Open kaunomedis opened 1 year ago

kaunomedis commented 1 year ago

By default, when reading with new disk format option to HFE format, bad sectors are filled with "-=[BAD SECTOR]=-". Is it possible not to fill it with text, but leave salvaged data. Just another option please :)

For CP/M it will save 1K of data... request

We can see that there is some readable data in bad sector... Meanwhile: T9.0: IBM MFM (4/5 sectors) from Raw Flux (10794155 flux in 43071.99ms) (Retry #6.6) T9.0: Giving up: 1 sectors missing Even after 6x6 retries the sector is filled with "bad block text".

I don't know, maybe there is such option?

keirf commented 1 year ago

I will have a look how easy this is to implement. I fear the danger with this behaviour by default would be that it would be too easy to "launder" bad sectors to appear good, and this would risk proliferation of subtly broken image files. But as a recovery option I can see the sense in it.
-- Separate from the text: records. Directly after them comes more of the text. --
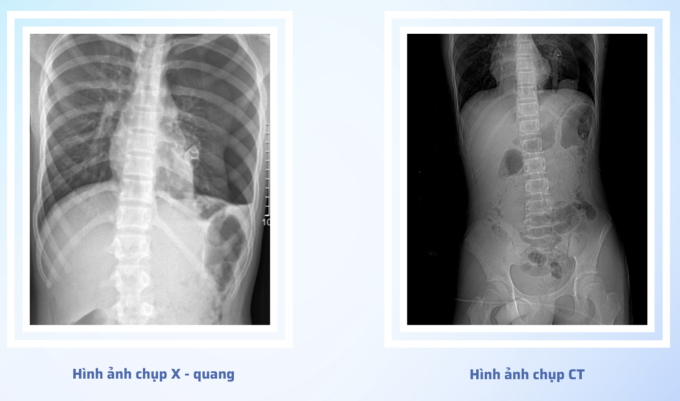 5 giờ phẫu thuật cho thiếu niên 15 tuổi bị cành cây đâm xuyên vùng hậu môn khi nhảy xuống ao tắm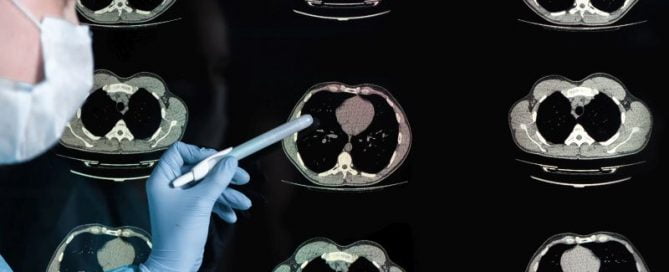 New Guidelines Could Double Number Eligible for Lung Cancer Screening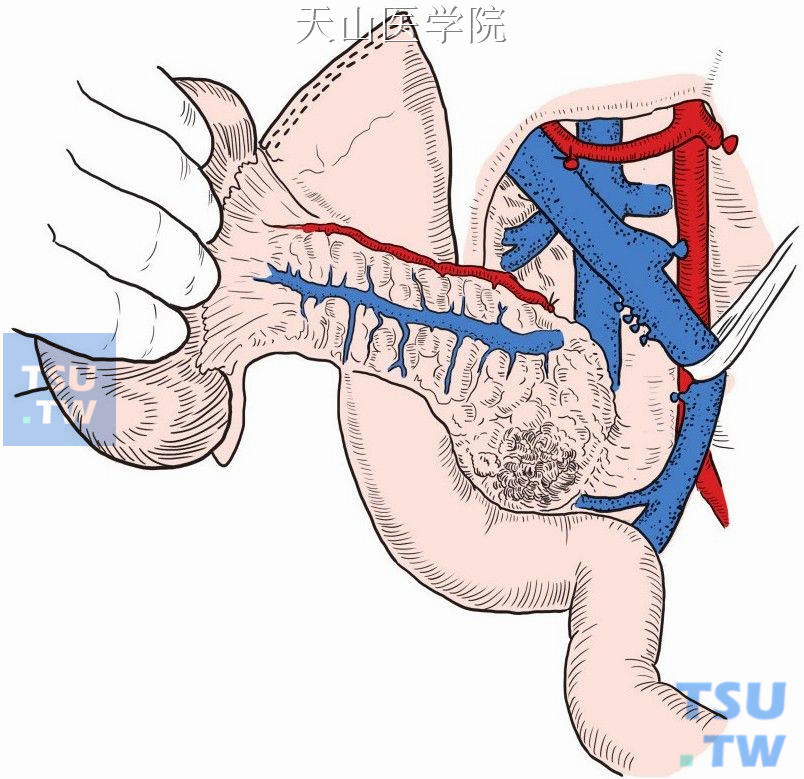 胰腺钩突部血管离断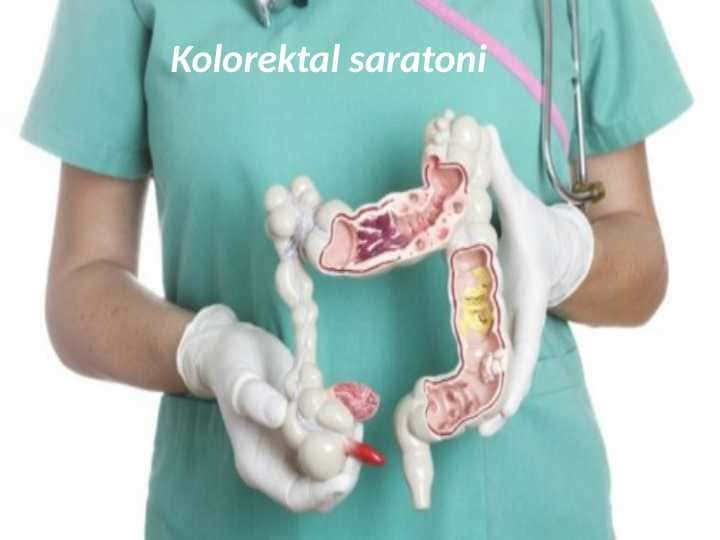 Kolorektal saratoni 1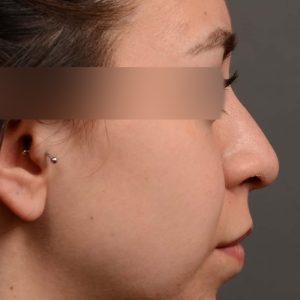 Hump Reduction, Rhinoplasty - Rhinoplasty Before and After Case 342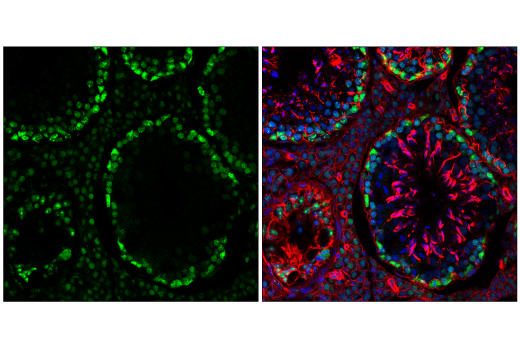 Immunofluorescence Image 3: NSUN2 (E6N6I) Rabbit mAb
Telev78 commented 1 year ago

See this today when i dump a floppy with one bad sector ... Now the problem is that the raw flux is marked as 100% valid. HxC does not mark the sector as bad, and the same when using gw convert. Is it possible, for example, to put a bad CRC? Thus the sector will always be indicated as bad. image

keirf commented 1 year ago

What was your gw read command line? If you only wanted verification checks and not for the flux file to be "recreated" by the Greaseweazle IBM codec, you could have passed --raw to gw read. But the point about trying to keep data but mark a bad CRC, where possible, is a good one. It is on the to-do with plenty of other stuff.

Telev78 commented 1 year ago

ho yes forget the --raw parameter in my command line

edit : now HxC report the bad sector and the gw convert report also the bad sector. Simply forget the parameter ...

Telev78 commented 1 year ago

So, to understand well, there is a difference between gw read --format ibm.1440 track00.0.raw and gw read --format ibm.1440 --raw track00.0.raw

The two commands write in the same output format, but the raw data is different ?

keirf commented 1 year ago

That is correct. The former regenerates the track based on sector data decoded from the original flux. The latter writes the original flux, however it does use the ibm.1440 codec to check for missing sectors so that the usual retry logic works.

Telev78 commented 1 year ago

ok now it's make sense. i'm not aware of this difference before.

keirf commented 1 year ago

Your original comment about writing an incorrect CRC in the regenerated track still stands, though. That could still be a good idea. I'm not sure.

keirf commented 1 year ago

Your original comment about writing an incorrect CRC in the regenerated track still stands, though. That could still be a good idea. I'm not sure. It's probably better than trashing the data completely, and writing a good CRC.

Telev78 commented 1 year ago

to me, that makes sense. So we realize during the conversion or with other software like HxC that the image has bad sectors.

kaunomedis commented 1 year ago

I like the idea of bad CRC value to mark bad sector, but only AS OPTION. And I don't know, but some "original" games in 8bit Atari and in Amiga used some "bad sector" trick as copy protection. So, sometimes it is useful to leave CRC and data mismatched.

I not very deep in this- I used gw to salvage some text documents and I was in need to get sector data. Because 1K sector is one page of text and even half page of text is better than full page of dummy text.